According to the researchers, the data from the sensor network uses the motion and position information to maintain an extremely accurate count of the number of people in the space, and uses a specialized algorithm to track people who may be temporarily lost when moving between sensors, thus reducing the number of sensors needed. The new ToF image processing algorithms will extend the current ToF sensing technology developed previously by LESA's image processing and controls group at Rensselaer in order to take advantage of the new capabilities of the plenoptic ToF IC that will be developed by the combined Rensselaer and UNM teams.
Occupancy data is then sent to the building control system to manage heating, cooling, and air conditioning (HVAC) energy consumption in order to maximize building efficiency, according to LESA industry member ABB. The goal is to provide optimal human comfort at reasonable cost. ABB, through its U.S. Corporate Research organization in Raleigh, North Carolina, will work closely with the Rensselaer team to validate sensor performance via EnergyPlus modeling and hardware-in-the-loop tests to document energy savings for several types of office settings. The ABB team will also support commercialization efforts, a key deliverable of the DOE's ARPA-e SENSOR program.
LESA's vision is focused on creating digitized illumination for new applications in lighting, healthcare, building management, horticulture, and advanced 5G wireless communications platforms.

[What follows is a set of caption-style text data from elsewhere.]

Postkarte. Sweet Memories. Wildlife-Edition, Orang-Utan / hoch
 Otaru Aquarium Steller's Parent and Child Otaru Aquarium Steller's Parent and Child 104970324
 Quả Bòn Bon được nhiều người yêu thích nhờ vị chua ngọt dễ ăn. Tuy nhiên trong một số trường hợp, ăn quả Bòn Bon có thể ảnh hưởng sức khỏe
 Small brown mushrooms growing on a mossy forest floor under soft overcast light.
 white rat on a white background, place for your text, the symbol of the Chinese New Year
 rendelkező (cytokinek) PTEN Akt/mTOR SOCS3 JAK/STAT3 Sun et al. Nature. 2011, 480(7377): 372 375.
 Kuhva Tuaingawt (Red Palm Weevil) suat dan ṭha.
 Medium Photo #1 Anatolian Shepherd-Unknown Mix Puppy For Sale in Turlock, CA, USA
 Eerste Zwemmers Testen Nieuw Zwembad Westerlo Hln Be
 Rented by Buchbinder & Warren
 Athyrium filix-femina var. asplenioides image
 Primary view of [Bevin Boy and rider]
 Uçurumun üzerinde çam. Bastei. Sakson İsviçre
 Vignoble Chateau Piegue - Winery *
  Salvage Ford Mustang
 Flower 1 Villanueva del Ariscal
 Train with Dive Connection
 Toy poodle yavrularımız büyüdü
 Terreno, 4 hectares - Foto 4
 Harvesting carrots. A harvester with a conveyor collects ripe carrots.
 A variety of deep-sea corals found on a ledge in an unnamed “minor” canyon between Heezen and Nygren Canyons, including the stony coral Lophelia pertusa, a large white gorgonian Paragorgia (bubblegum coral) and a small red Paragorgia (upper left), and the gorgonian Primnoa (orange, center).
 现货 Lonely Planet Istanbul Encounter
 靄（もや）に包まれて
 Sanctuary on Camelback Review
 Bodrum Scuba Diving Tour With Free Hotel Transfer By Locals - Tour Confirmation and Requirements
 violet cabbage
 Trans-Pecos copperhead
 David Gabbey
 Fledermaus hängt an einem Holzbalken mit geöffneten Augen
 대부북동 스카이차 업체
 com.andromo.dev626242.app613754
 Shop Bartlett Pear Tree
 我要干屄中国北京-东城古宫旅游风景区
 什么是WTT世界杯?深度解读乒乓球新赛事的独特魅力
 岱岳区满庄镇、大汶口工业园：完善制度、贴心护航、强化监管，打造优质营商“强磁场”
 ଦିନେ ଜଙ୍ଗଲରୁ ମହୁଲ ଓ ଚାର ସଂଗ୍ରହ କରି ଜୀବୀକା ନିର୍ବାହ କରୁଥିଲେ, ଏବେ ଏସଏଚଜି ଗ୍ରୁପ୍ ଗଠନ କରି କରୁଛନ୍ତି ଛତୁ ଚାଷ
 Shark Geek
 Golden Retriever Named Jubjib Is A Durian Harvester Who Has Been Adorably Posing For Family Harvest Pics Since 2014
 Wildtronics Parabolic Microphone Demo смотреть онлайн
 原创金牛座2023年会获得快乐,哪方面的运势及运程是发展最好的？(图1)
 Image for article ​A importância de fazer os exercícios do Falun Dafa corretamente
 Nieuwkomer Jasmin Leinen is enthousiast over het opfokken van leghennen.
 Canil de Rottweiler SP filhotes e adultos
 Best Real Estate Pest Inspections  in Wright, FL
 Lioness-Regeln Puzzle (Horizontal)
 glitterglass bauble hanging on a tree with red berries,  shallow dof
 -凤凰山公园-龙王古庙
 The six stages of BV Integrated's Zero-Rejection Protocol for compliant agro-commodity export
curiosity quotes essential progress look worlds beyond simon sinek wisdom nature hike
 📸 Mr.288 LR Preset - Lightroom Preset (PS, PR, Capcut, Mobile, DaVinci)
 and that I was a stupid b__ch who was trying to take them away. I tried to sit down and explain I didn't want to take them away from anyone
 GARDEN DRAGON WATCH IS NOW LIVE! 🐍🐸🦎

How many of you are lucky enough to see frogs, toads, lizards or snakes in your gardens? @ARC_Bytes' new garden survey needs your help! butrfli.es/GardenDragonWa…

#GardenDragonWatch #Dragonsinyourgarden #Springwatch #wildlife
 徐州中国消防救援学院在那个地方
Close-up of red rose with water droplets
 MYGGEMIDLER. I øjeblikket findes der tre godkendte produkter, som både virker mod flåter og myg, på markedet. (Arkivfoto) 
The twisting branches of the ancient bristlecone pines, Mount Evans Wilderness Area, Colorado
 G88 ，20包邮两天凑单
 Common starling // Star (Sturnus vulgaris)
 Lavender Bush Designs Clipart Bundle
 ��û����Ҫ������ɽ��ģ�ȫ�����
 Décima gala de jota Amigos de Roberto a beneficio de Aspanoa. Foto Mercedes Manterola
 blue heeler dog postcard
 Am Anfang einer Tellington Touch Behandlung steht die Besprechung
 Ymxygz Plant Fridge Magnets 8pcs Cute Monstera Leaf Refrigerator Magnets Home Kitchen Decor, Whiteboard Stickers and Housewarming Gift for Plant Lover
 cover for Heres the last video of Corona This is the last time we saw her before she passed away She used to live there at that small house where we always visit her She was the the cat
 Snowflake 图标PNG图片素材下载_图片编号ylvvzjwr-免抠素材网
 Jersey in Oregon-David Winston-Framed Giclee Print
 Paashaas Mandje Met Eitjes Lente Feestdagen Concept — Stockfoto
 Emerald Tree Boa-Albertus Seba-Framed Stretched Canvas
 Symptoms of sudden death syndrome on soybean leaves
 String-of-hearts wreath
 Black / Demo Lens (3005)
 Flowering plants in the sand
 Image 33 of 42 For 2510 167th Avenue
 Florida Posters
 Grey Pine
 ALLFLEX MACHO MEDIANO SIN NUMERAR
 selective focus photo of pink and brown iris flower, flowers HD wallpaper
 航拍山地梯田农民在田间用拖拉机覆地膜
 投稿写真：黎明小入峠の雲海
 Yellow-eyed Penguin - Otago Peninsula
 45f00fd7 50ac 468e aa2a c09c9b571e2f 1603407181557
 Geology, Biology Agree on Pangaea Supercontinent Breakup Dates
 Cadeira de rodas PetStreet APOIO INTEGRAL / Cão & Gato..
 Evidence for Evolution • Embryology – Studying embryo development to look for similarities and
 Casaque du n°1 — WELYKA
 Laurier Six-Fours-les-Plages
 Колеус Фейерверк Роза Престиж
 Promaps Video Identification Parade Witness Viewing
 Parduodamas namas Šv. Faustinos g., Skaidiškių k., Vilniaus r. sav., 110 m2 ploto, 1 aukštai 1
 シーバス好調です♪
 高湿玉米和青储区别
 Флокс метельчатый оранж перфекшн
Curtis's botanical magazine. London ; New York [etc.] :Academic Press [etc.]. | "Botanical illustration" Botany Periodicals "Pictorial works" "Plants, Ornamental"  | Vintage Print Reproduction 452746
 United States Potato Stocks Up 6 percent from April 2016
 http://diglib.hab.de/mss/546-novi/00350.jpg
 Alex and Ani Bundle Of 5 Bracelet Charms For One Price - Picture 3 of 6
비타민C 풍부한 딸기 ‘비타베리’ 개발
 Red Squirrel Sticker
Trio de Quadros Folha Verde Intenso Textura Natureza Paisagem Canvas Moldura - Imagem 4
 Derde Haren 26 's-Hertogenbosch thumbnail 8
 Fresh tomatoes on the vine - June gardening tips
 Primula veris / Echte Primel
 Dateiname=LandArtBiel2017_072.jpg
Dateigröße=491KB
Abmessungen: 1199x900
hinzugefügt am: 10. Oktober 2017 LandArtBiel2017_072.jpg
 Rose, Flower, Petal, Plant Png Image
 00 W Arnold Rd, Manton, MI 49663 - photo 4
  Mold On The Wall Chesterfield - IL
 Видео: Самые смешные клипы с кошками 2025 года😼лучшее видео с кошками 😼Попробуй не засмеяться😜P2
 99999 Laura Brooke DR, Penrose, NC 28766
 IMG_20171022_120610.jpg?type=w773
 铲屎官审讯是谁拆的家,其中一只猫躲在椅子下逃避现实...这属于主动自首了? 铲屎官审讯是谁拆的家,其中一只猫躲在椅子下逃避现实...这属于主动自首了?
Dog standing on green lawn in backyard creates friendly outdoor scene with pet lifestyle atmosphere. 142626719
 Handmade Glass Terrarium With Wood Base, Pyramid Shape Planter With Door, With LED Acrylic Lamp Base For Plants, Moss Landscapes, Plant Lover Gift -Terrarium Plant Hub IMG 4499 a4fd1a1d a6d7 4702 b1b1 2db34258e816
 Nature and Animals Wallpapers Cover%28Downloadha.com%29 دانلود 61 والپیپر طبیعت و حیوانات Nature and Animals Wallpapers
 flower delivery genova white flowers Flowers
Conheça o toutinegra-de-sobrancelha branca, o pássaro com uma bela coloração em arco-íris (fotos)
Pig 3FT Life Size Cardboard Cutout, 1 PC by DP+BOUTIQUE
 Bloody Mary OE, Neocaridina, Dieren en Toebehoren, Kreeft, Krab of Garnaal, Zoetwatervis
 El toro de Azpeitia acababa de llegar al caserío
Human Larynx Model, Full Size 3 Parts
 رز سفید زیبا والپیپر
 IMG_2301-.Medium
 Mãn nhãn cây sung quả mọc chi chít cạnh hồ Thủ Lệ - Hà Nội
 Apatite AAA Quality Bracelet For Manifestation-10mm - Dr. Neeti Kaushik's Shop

The collaboration with the University of New Mexico and LESA industry partner ABB exemplifies The New Polytechnic, an emerging paradigm for teaching, learning, and research at Rensselaer. The New Polytechnic emphasizes and supports collaboration across disciplines, sectors, and regions to address the great global challenges of our day, using the most advanced tools and technologies, many of which are developed at Rensselaer. Research at Rensselaer addresses some of the world's most pressing technological challenges—from energy security and sustainable development to biotechnology and human health. The New Polytechnic is transformative in the global impact of research, in its innovative pedagogy, and in the lives of students at Rensselaer.